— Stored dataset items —
Segment Open
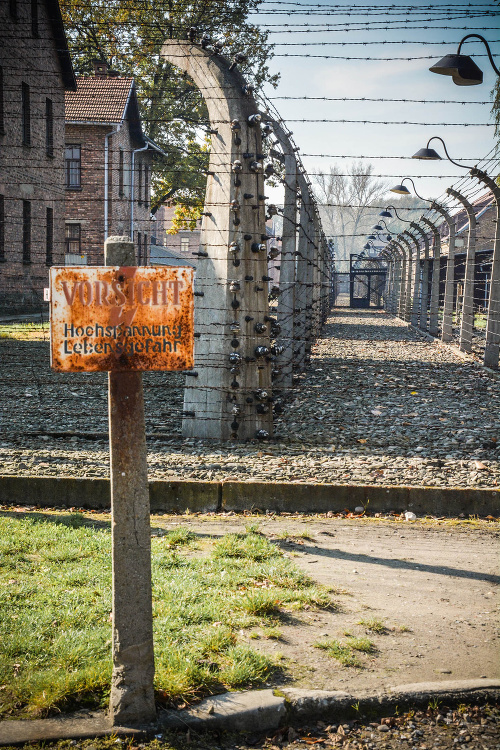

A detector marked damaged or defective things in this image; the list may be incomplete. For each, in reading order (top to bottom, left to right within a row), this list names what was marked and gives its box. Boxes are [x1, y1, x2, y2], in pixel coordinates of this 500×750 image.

rust stain on sign [48, 268, 193, 374]
rusty warning sign [50, 268, 195, 374]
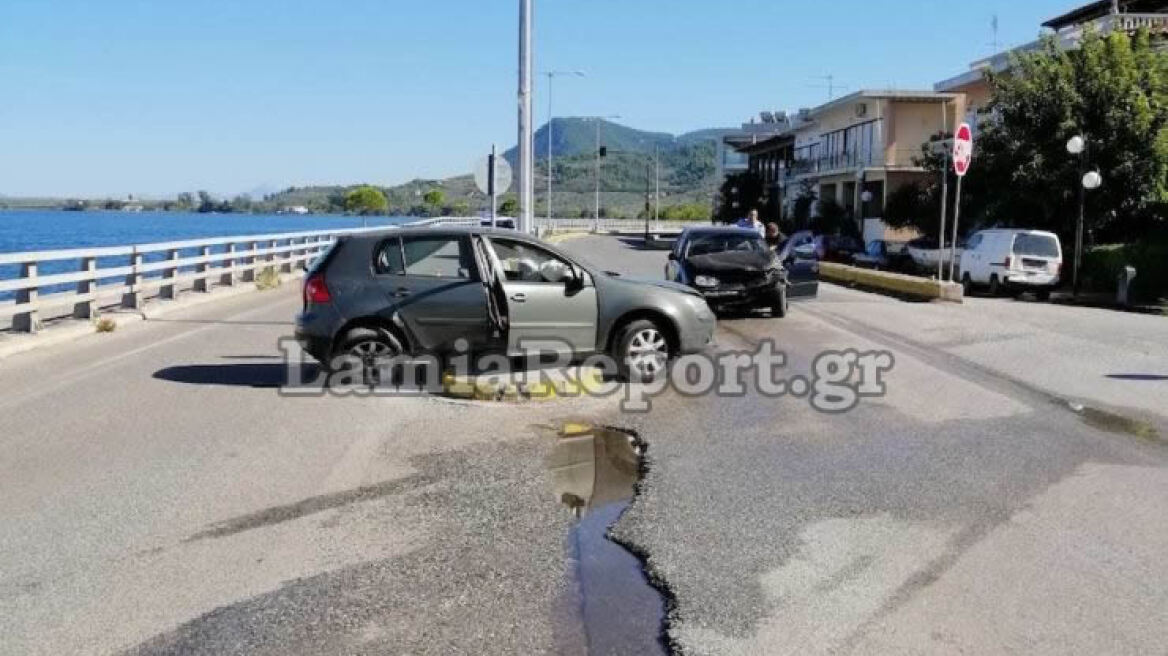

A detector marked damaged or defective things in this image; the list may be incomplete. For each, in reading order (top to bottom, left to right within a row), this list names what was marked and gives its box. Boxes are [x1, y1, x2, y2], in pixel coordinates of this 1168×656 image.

damaged gray hatchback [296, 227, 716, 380]
black damaged car [660, 227, 788, 316]
cracked asphalt road [2, 236, 1168, 656]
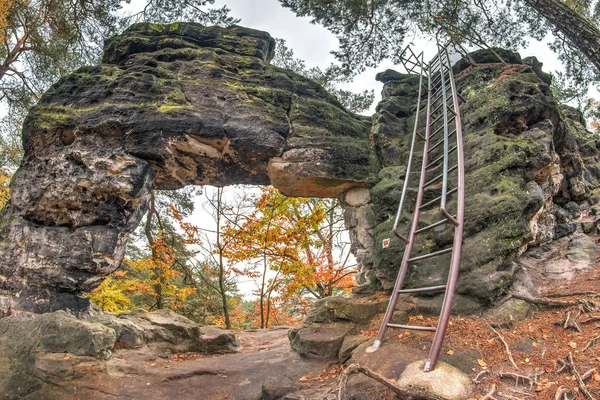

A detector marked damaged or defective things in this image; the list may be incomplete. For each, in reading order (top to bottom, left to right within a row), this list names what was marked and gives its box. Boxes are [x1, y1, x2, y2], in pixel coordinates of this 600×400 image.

rusty metal ladder [366, 43, 468, 372]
Segment Closed
— TO DO —
Copy every entry exactly; drop the pictures.

— FINAL ANSWER —
A detector marked damaged or defective things in this image; the list may be incomplete. For each, in reading order (top to bottom, left to right within a row), this list names what was marked and gives its box. Boxes are [x1, y1, x2, y2], in pixel coordinates of this 500×750 image.

rust stain on sign [48, 268, 193, 374]
rusty warning sign [50, 268, 195, 374]

A detector marked damaged or defective things in this image; the list may be incomplete. For each, in reading order (top to bottom, left to right within a row), this list names what was marked and gives its box. Boxes are [x1, y1, x2, y2], in pixel coordinates of this 1168×656 image.

damaged gray hatchback [296, 227, 716, 380]
black damaged car [660, 227, 788, 316]
cracked asphalt road [2, 236, 1168, 656]

A detector marked damaged or defective things in this image; the list may be incomplete. For each, in reading order (top to bottom, left to right within a row), this list names what was marked and gives its box. Boxes are [x1, y1, x2, y2], in pixel coordinates of this 600×400 image.

rusty metal ladder [366, 43, 468, 372]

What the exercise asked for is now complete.